> Activity
No record may be omitted; give all of them again exactly.

> Excerpted records
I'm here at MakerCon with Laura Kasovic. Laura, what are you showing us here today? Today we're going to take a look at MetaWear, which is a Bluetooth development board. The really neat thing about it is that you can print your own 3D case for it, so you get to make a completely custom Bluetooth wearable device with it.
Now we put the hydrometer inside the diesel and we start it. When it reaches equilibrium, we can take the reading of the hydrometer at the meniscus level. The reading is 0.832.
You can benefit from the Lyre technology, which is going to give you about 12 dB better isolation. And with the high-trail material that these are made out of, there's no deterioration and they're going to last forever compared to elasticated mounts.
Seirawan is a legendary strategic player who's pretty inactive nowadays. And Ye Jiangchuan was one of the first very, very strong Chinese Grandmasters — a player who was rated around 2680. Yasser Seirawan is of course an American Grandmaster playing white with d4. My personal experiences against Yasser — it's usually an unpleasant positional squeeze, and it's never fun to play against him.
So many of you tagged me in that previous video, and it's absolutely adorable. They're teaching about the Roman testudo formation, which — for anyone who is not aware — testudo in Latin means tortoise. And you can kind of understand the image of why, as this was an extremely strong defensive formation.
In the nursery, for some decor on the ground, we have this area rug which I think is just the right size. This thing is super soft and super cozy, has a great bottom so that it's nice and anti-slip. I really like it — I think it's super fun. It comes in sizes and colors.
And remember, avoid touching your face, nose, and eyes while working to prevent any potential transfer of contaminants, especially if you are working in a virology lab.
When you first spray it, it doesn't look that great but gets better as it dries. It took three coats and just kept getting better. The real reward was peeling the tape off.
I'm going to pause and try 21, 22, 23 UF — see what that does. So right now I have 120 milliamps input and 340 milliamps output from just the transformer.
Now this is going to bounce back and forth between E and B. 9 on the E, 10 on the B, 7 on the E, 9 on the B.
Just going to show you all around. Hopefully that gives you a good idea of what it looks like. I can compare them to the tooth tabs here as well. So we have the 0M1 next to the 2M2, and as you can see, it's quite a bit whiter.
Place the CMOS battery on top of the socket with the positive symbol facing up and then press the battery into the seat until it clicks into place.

> Answer
I'm here at MakerCon with Laura Kasovic. Laura, what are you showing us here today? Today we're going to take a look at MetaWear, which is a Bluetooth development board. The really neat thing about it is that you can print your own 3D case for it, so you get to make a completely custom Bluetooth wearable device with it.
Now we put the hydrometer inside the diesel and we start it. When it reaches equilibrium, we can take the reading of the hydrometer at the meniscus level. The reading is 0.832.
You can benefit from the Lyre technology, which is going to give you about 12 dB better isolation. And with the high-trail material that these are made out of, there's no deterioration and they're going to last forever compared to elasticated mounts.
Seirawan is a legendary strategic player who's pretty inactive nowadays. And Ye Jiangchuan was one of the first very, very strong Chinese Grandmasters — a player who was rated around 2680. Yasser Seirawan is of course an American Grandmaster playing white with d4. My personal experiences against Yasser — it's usually an unpleasant positional squeeze, and it's never fun to play against him.
So many of you tagged me in that previous video, and it's absolutely adorable. They're teaching about the Roman testudo formation, which — for anyone who is not aware — testudo in Latin means tortoise. And you can kind of understand the image of why, as this was an extremely strong defensive formation.
In the nursery, for some decor on the ground, we have this area rug which I think is just the right size. This thing is super soft and super cozy, has a great bottom so that it's nice and anti-slip. I really like it — I think it's super fun. It comes in sizes and colors.
And remember, avoid touching your face, nose, and eyes while working to prevent any potential transfer of contaminants, especially if you are working in a virology lab.
When you first spray it, it doesn't look that great but gets better as it dries. It took three coats and just kept getting better. The real reward was peeling the tape off.
I'm going to pause and try 21, 22, 23 UF — see what that does. So right now I have 120 milliamps input and 340 milliamps output from just the transformer.
Now this is going to bounce back and forth between E and B. 9 on the E, 10 on the B, 7 on the E, 9 on the B.
Just going to show you all around. Hopefully that gives you a good idea of what it looks like. I can compare them to the tooth tabs here as well. So we have the 0M1 next to the 2M2, and as you can see, it's quite a bit whiter.
Place the CMOS battery on top of the socket with the positive symbol facing up and then press the battery into the seat until it clicks into place.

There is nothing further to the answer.